# Problem to solve
Copy out the data below from the line containing "常州职工包揽省运会职工部羽毛球赛中年组混双冠亚军" to the line containing "ВИДЕОШОУ. СКАЧАТЬ БЕСПЛАТНО", both lines included, with all images left out.

# Entries provided
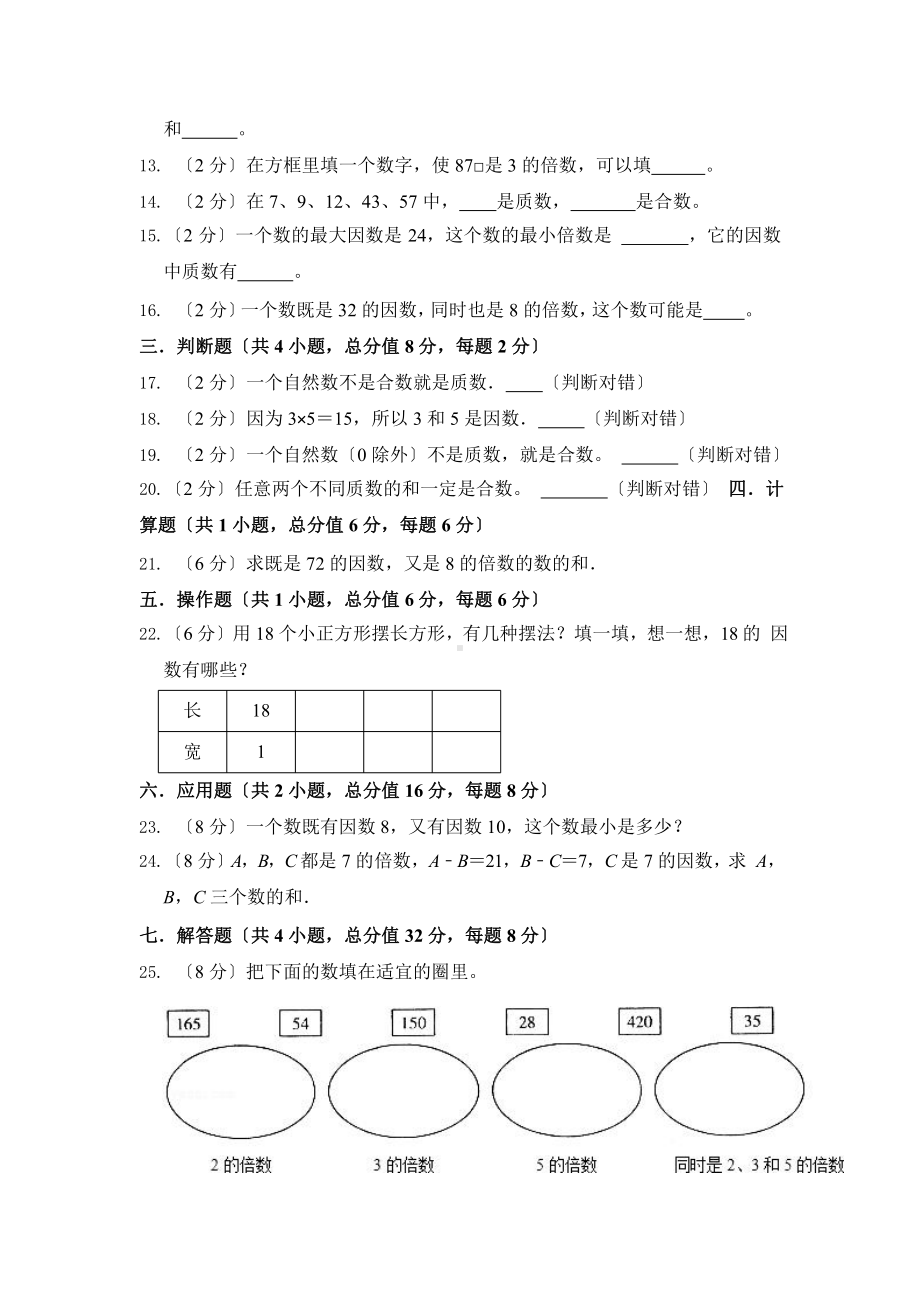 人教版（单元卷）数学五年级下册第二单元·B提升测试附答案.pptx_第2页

==

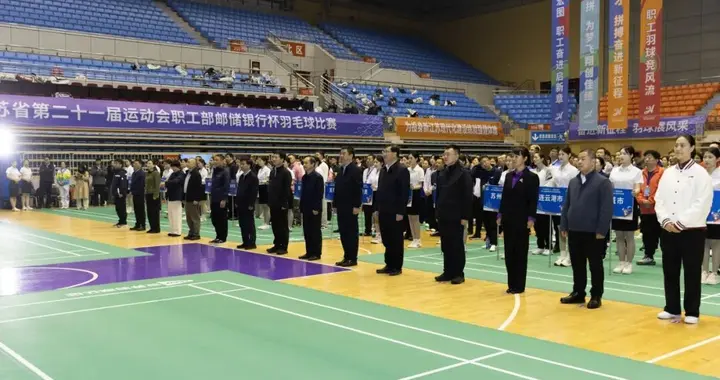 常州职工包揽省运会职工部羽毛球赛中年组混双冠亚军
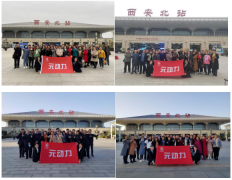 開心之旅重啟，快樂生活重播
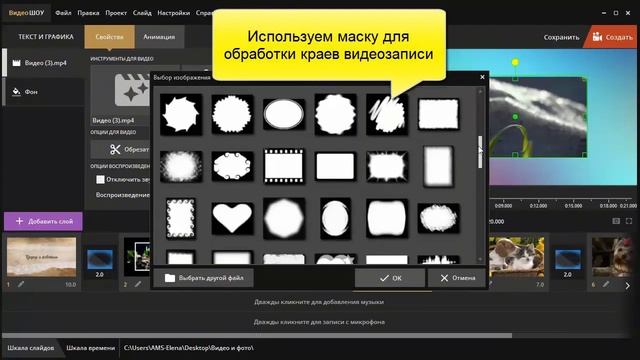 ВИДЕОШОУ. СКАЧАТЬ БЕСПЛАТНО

# Response to this task
 常州职工包揽省运会职工部羽毛球赛中年组混双冠亚军
 開心之旅重啟，快樂生活重播
 ВИДЕОШОУ. СКАЧАТЬ БЕСПЛАТНО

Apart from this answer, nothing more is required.